### DATA SEGMENT
++++++++

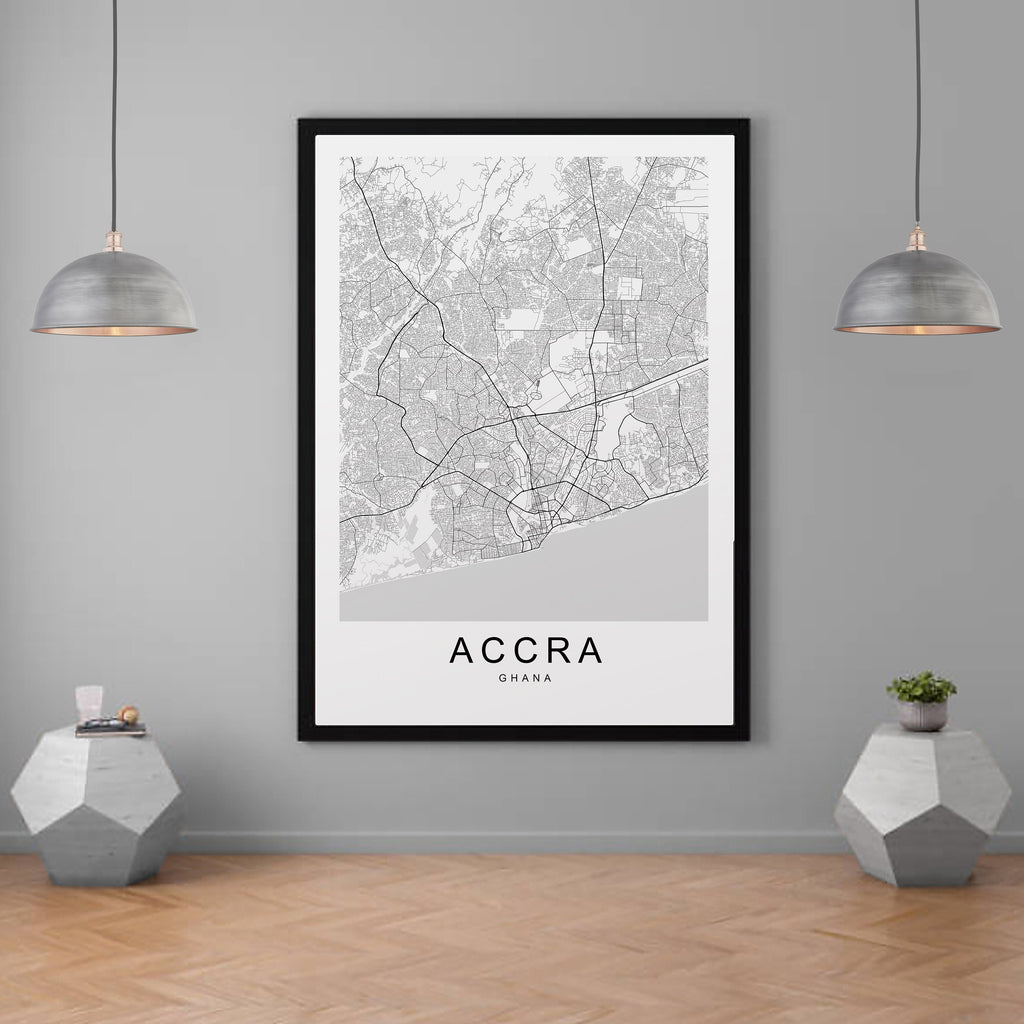 Accra Ghana City Map Print Minimalist Home Map Poster Wall Decor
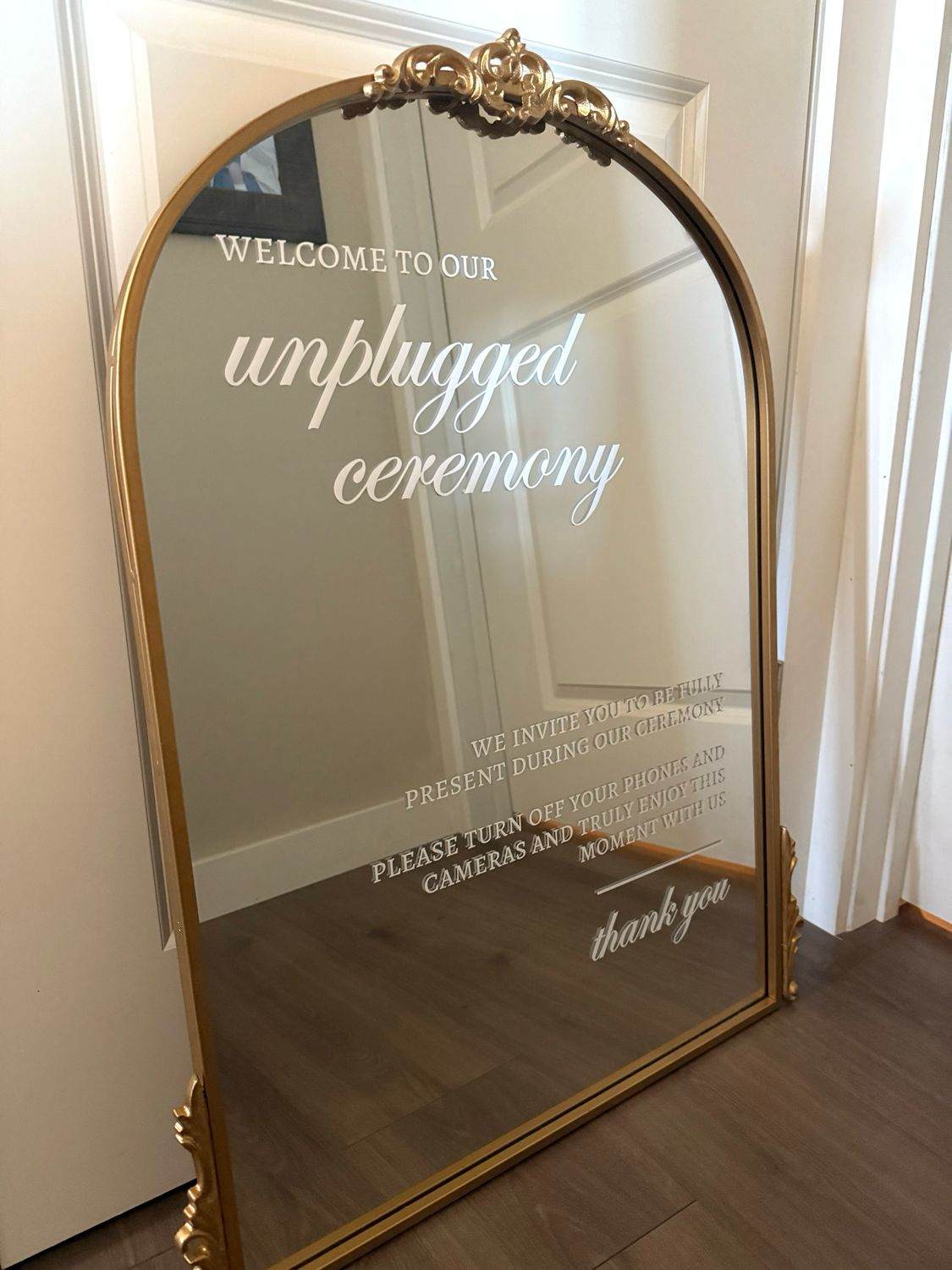 RENTAL- Unplugged Ceremony Mirror (Gold)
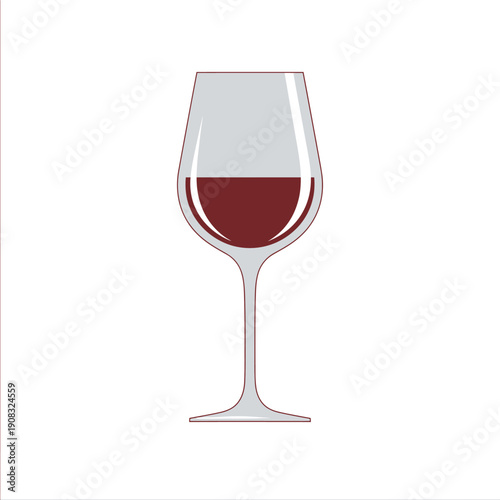 Modern Red Wine Glass Icon with Dark Ruby Red Liquid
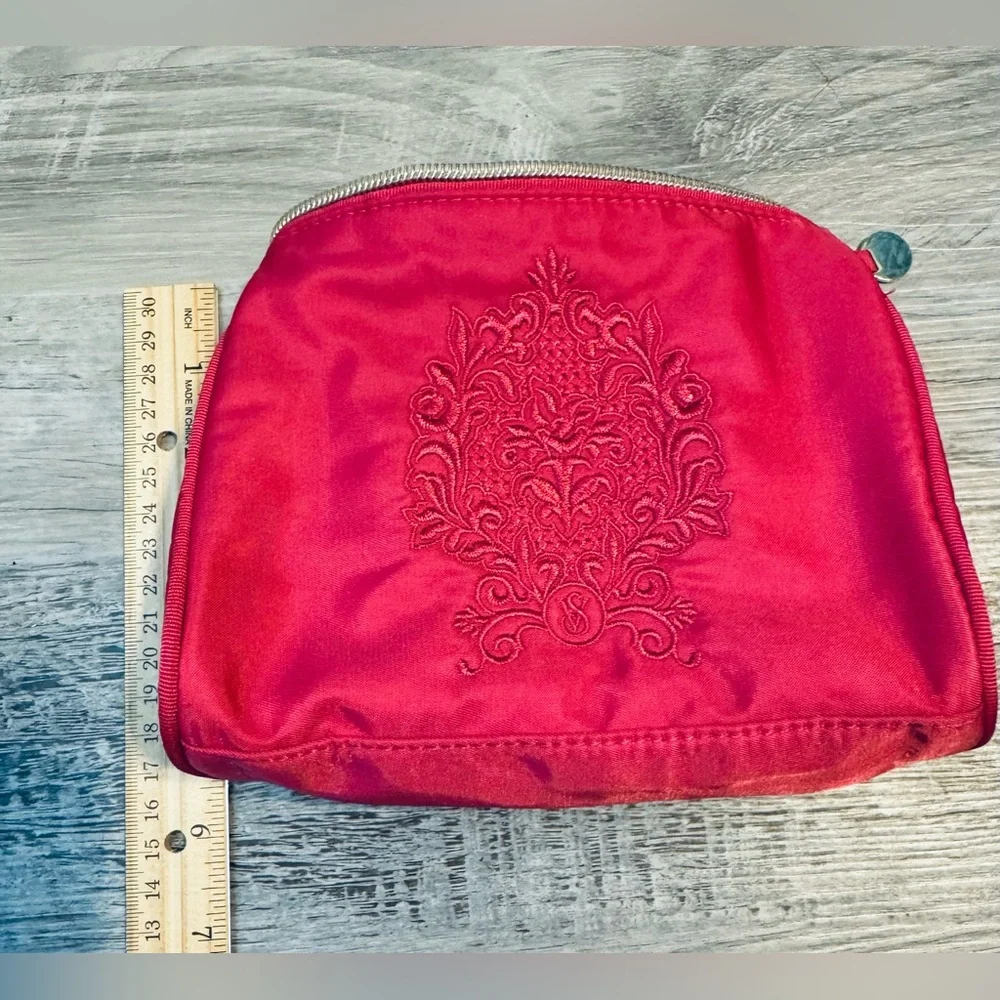 Victoria Secret Pink small satin cosmetic bag. With embroidered logo.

++++++++

### WHAT YOU ARE ASKED TO DO
Please write out the whole listing exactly, but not the pictures in it.

### TASK OUTPUT
 Accra Ghana City Map Print Minimalist Home Map Poster Wall Decor
 RENTAL- Unplugged Ceremony Mirror (Gold)
 Modern Red Wine Glass Icon with Dark Ruby Red Liquid
 Victoria Secret Pink small satin cosmetic bag. With embroidered logo.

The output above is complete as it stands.